» **What this task involves**:
Beginning with the line where "ViS/ビス/カーディガン/ボレロ/トップス/イエロー/F" appears, set down each line exactly until the records below end, and omit the pictures.

» **Provided material**:
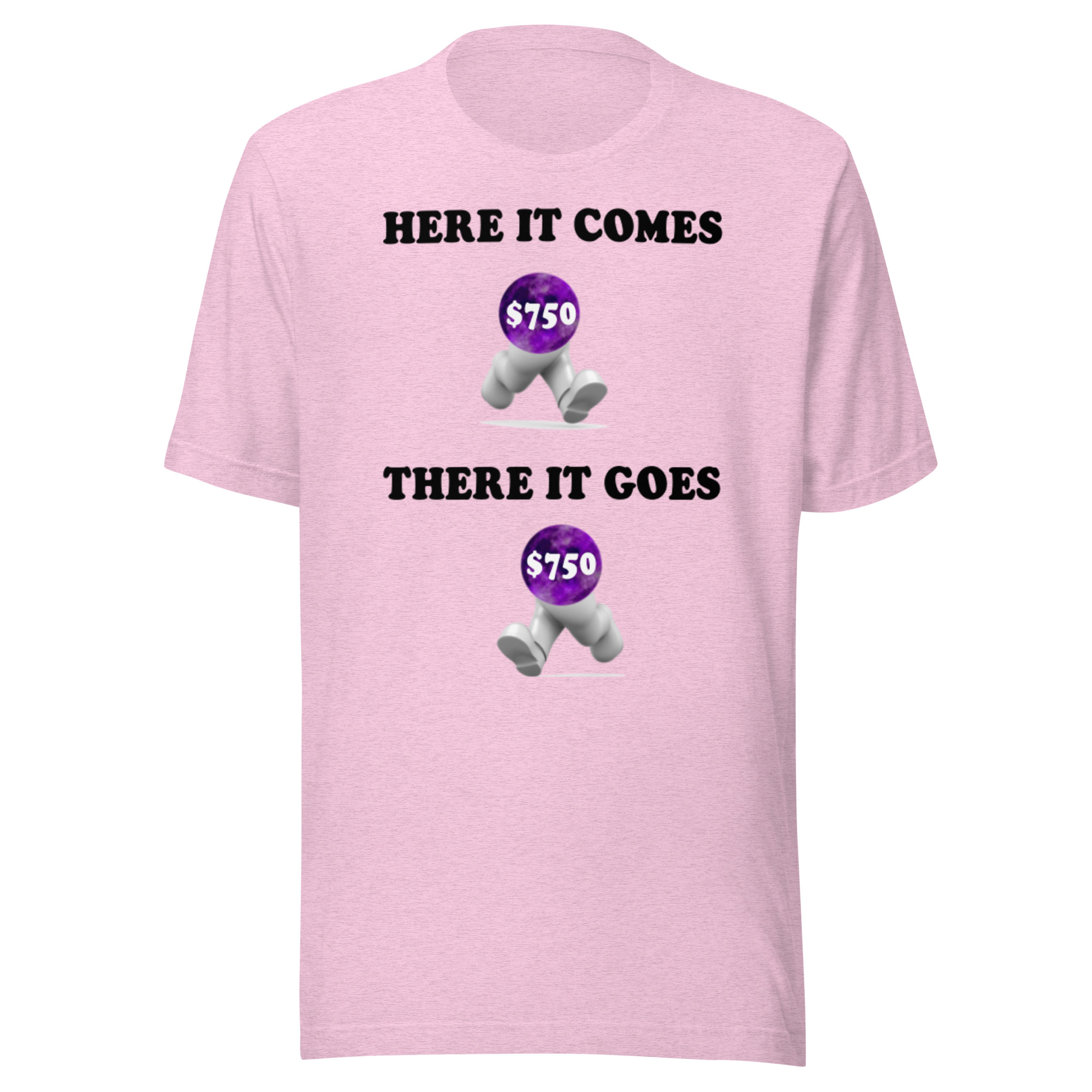 Here it comes there it goes Unisex t-shirt - Image 6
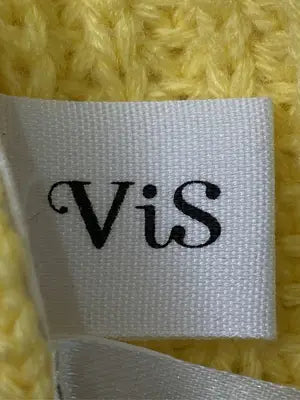 ViS/ビス/カーディガン/ボレロ/トップス/イエロー/F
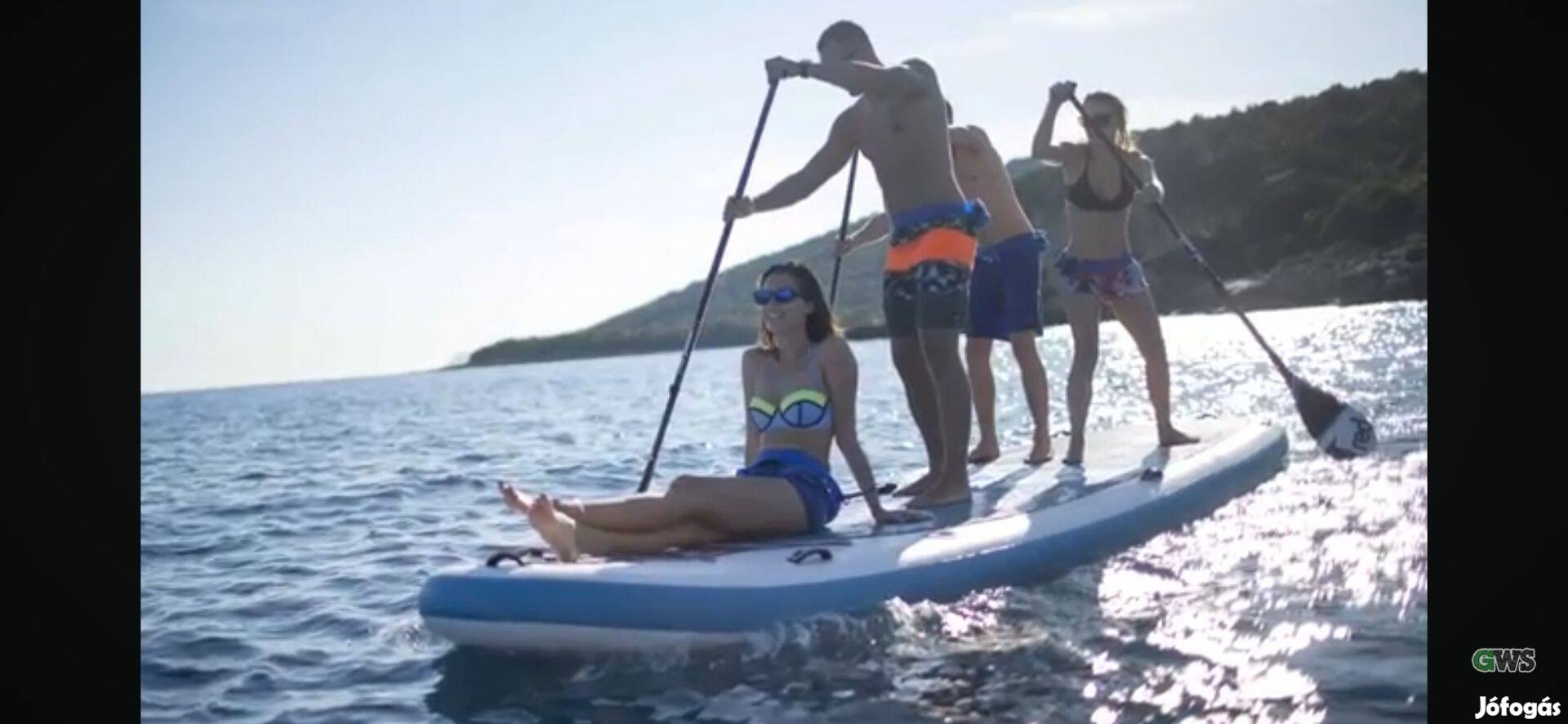 Új! Óriás SUP családi Red Paddle Ride L 14' MSL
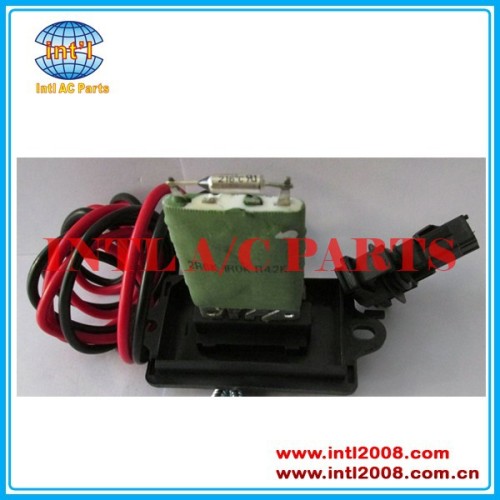 Aquecedor do motor do ventilador do ventilador resistor para renault grand scenic ii/mk2 2003-2013 509638 7701207876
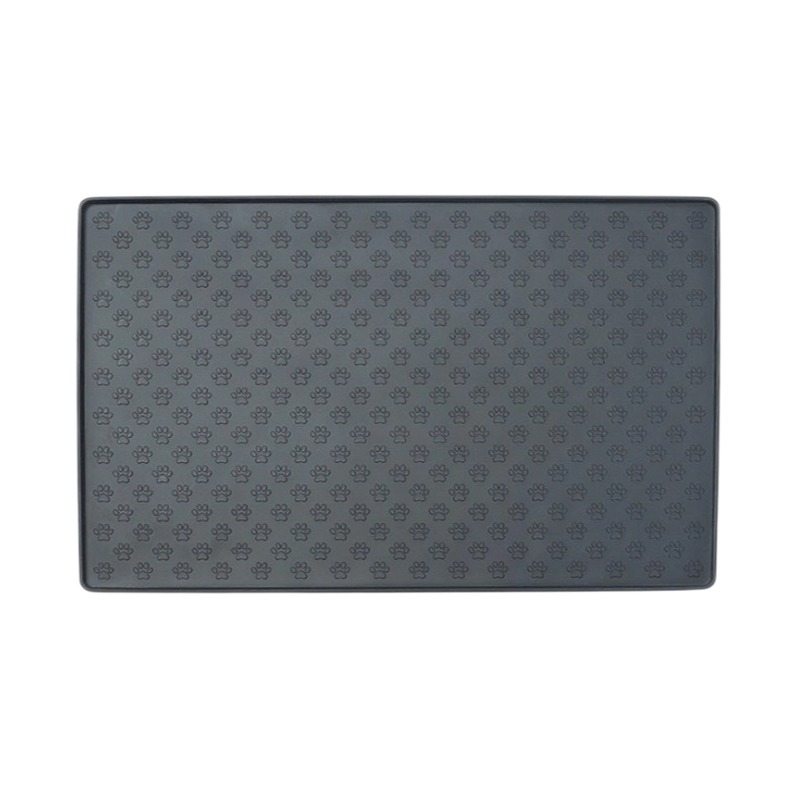 Almohadilla para mascotas con patrón de garra de silicona, impermeable, a prueba de humedad, antideslizante, fácil de limpiar, alfombra de silicona para perros, manteles para mascotas, manteles para gatos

» **Result for this exercise**:
 ViS/ビス/カーディガン/ボレロ/トップス/イエロー/F
 Új! Óriás SUP családi Red Paddle Ride L 14' MSL
 Aquecedor do motor do ventilador do ventilador resistor para renault grand scenic ii/mk2 2003-2013 509638 7701207876
 Almohadilla para mascotas con patrón de garra de silicona, impermeable, a prueba de humedad, antideslizante, fácil de limpiar, alfombra de silicona para perros, manteles para mascotas, manteles para gatos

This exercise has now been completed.